Nothing is written. If a named human genuinely needs to bypass (e.g., an emergency TRO intake), the override is explicit and permanent:

intake_log_triage → {"matter_name": "Walk-in inquiry", "conflicts_status": "not-run", "conflicts_override_by": "K. Patel", "conflicts_override_rationale": "Emergency TRO intake; screen to follow today"} → logged, with the override block in the row.

Testing

Plain pytest unit tests cover the deterministic logic: name normalization and similarity, match classification, the full 3×3 risk matrix, validation and missing-field reporting, template determinism, the conflicts gate, and JSONL appends. (These are unit tests, not the eval harness — that's below.)
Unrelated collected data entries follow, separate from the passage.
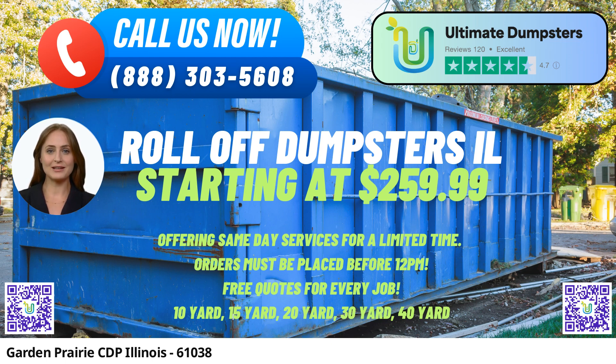One of the key advantages of using Ultimate Dumpsters is the comprehensive waste management solutions they offer. From junk removal to debris disposal, they have it all covered. Whether you need construction dumpsters, trash containers, or roll-off dumpsters for residential or commercial purposes, Ultimate Dumpsters can cater to your specific needs.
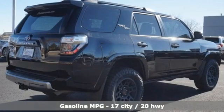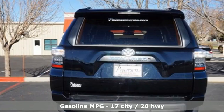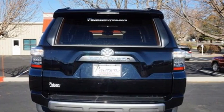V6 engine, front heated bucket seats, integrated navigation system with voice activation, auto dimming rear view mirror, leather steering wheel, wireless phone connectivity.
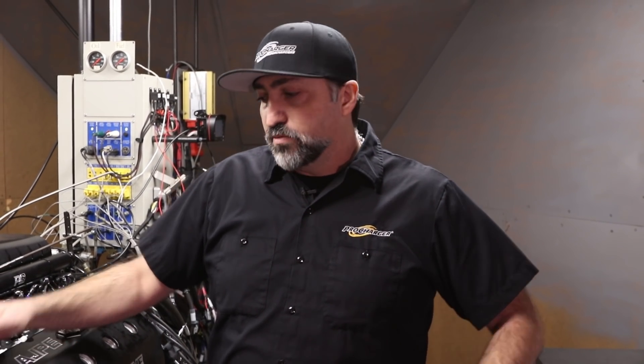It takes an engine builder like this and an engine dyno like this to really further that horsepower level. We can only test so much back at our facility — we have an engine dyno, but not to this caliber, and we don't have engines of this caliber at our facility — but we can test to a certain degree.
pip install -r requirements-dev.txt
pytest

Evaluation

The eval harness follows the mcp-builder methodology: a golden set of 10 read-only, stable question/answer pairs (evals/evaluation.xml), run by an LLM agent that has access only to this server's tools, scored by exact string comparison. evals/evaluation.py and evals/connections.py are copied unmodified from the mcp-builder skill's scripts.
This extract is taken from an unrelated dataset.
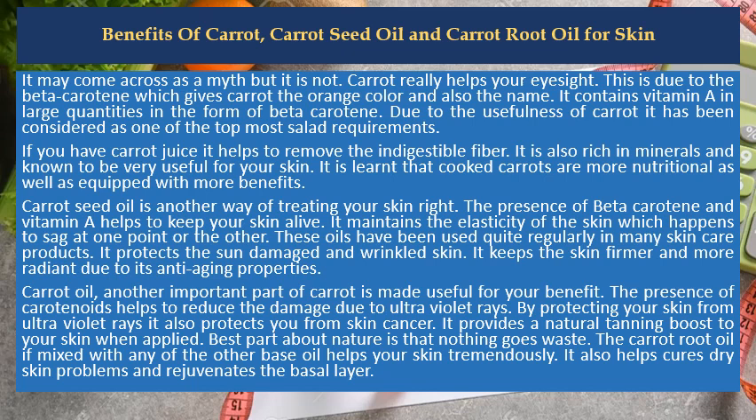Due to the usefulness of carrot it has been considered as one of the topmost salad requirements. Carrot juice helps to remove the indigestible fiber. It is also rich in minerals and known to be very useful for your skin. Cooked carrots are more nutritional as well as equipped with more benefits.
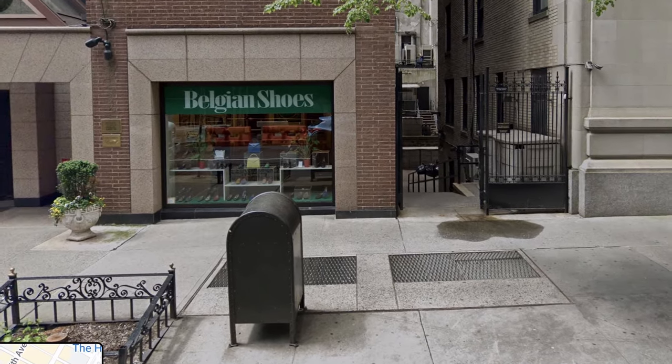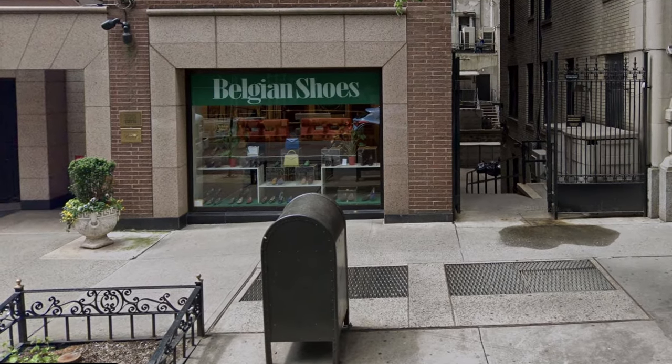You can buy Belgian shoes with soles on them, but what's the fun in that? Also, there is only like one place in the world to buy them, and that is New York City. Why go to this much trouble for a shoe?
Every golden answer was verified directly against the server's deterministic logic. Running the LLM-driven harness requires an Anthropic API key:

pip install -r evals/requirements.txt
export ANTHROPIC_API_KEY=your_key_here
python evals/evaluation.py -t stdio -c python -a server.py -o evals/report.md evals/evaluation.xml

Run from the repo root (the harness launches python server.py itself — don't start the server manually). The generated evals/report.md includes accuracy, per-task tool-call traces, and the agent's feedback on the tool design.
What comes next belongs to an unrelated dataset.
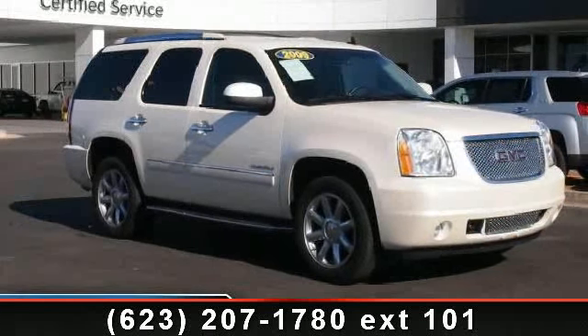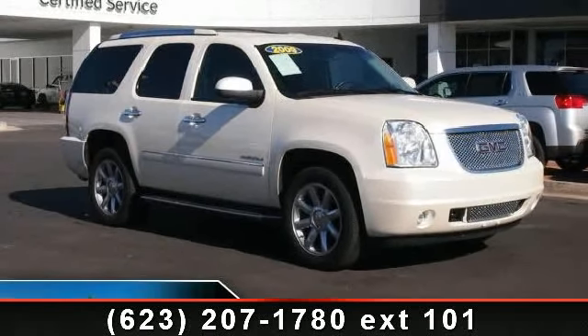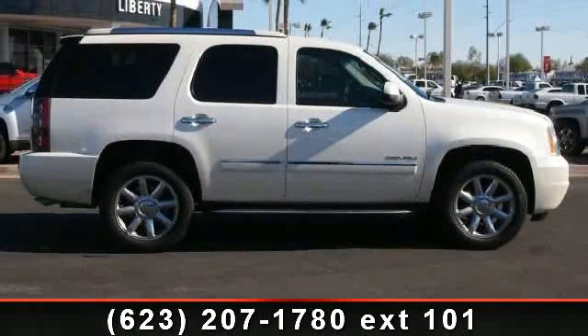Step into the 2009 GMC Yukon Denali. If you are looking for a first-rate auto, this one could be yours today.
Limitations — what this server does not do

• It does not give legal advice. It validates structure, screens names, fills templates, and keeps a log. Every output is an input to an attorney's judgment; the attorney owns every decision, including whether a conflict actually exists.
• The conflict check is illustrative. It is a fuzzy screen over a small bundled dataset. A real conflicts process spans the firm's full matter history, related entities, and lateral-hire obligations. A cleared here means only "no hits in this sample file."
• All sample data is fictional. Every name, matter id, and relationship in data/ was invented for this project (and labeled as such in the files). No real client data, ever. Point the design at your own data source before any real use — and then treat the log and datasets as confidential.
• It does not extract, summarize, or send anything. Reading the inquiry and writing the final email are the client model's (or a human's) job. The server never calls an LLM and never touches the network.
• It does not decide the matter's theory, severity, or likelihood. The risk rating is a fixed matrix over bands you supply — a labeling convention, not an assessment.
• Persistence is a local JSONL file. No database, no sync, no multi-user concurrency control. The log is append-only by design; rotating or archiving it is up to you.

Security & permissions

• Runs locally over stdio as a subprocess of the MCP client; binds no ports, makes no network requests.
• Reads only its bundled data/*.json; writes only the triage log file (path controlled by INTAKE_TRIAGE_LOG_PATH).
• Logs to stderr only (stdout is reserved for the protocol).
• No credentials are required or read. Treat the triage log as confidential — it's .gitignored by default.

License

Apache-2.0 — matching the claude-for-legal project whose conventions this server borrows.